人々も人懐っこくて優しく、景色は美しく、思い出のたくさんある町です。







ところで、ファラフラは町の外へ少し歩くとすぐに砂漠や荒野に出るのですが、その大地には不思議な石がいくつも落ちていました。コンドライトに似た隕石のような黒い石や石英質のものもあり、世界にはきっとまだまだ、人間に発見されていない石や鉱脈、スポットが存在するのだろうな、と余りに広い砂漠を前にひしと感じました。


そして翌朝。


待ち合わせの時間に朝日の眩しい中庭で待っていると、一人の青年がぶらぶらとやって来て、ポツリと言い放ちました。

「おまたせ、じゃ行こっか」

彼の名はワリード、シャイな24歳、彼女あり。今日のツアーのドライバーを務めてくれる青年でした。


ワリードはとてもシャイで口数も少ないのですが、一日一緒にいて、帰る頃にはなんとなくお互い絆を感じて、「俺たちこれで友達になれたよな」という雰囲気がありました。

ワリードの運転で4WDを飛ばして、まずはクリスタルマウンテンへGOです。




意気揚々と向かったのですが連日の移動でくたびれていたのか、発車10分ぐらいでワリードの方へすさまじく傾きながら爆睡。気が付いたらクリスタルマウンテンの近くまで来てしまっていました。




辿り着いた場所は砂漠と荒野のど真ん中で、そこにいくつもの高い岩山や、丘のようなものが続いています。

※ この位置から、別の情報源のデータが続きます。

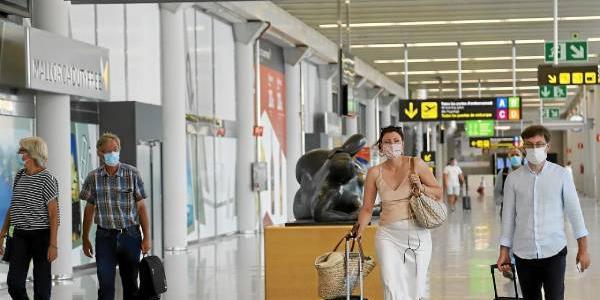 Turistas transitan por el aeropuerto de Menorca con mascarilla 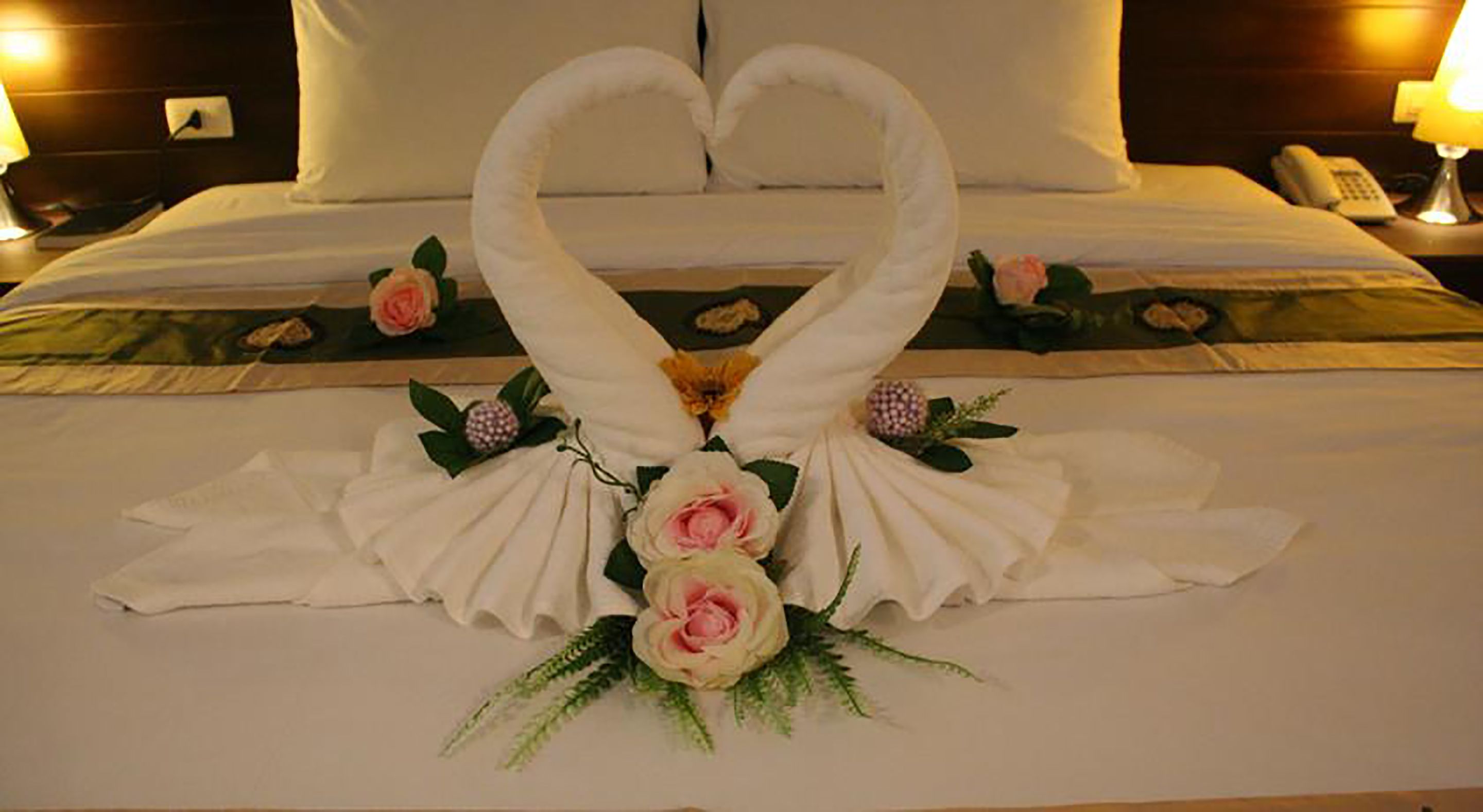 A bed with a heart-shaped towel arrangement and flowers.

そして、そこには確かにたくさんのクリスタルが至るところに群生していました。







砂漠の上にクリスタルだなんて、なんともロマンをかき立てられます。

これは石好きにはたまらない。ということで、2時間ほどそのクリスタルマウンテンと呼ばれる一帯をほっつき歩いたり、岩山をよじ登ったりして探検していました(その間ワリードはひたすら車内で待ってくれていました)。






もう充分遊んだな、というところで次の白砂漠へ。




(途中、ヤシの葉を屋根にしたオアシスでの休憩。美味しいランチをサーブしてくれたワリードはなぜか正座しながらご飯とポテトチップスを交互につまむという、アバンギャルドな食べ方をしていました)


クリスタルマウンテンは砂漠ロードのすぐ横から入ることができましたが、白砂漠は奥まっているらしくコンクリートが舗装されていません。道を折れるとひたすらゴツゴツとした岩地を蛇行しながら向こう側に向かって進んでいきます。




ドライブセンスが必要な険しい道でしたが、時おり砂漠の斜面で超スピードを出して楽しませてくれるカッチョよいワリード。ほどなく走っていくと、じょじょに雪を被ったように白くなってそびえている奇岩が目立つようになり、やがてそこは本当に別の惑星のような光景になっていました。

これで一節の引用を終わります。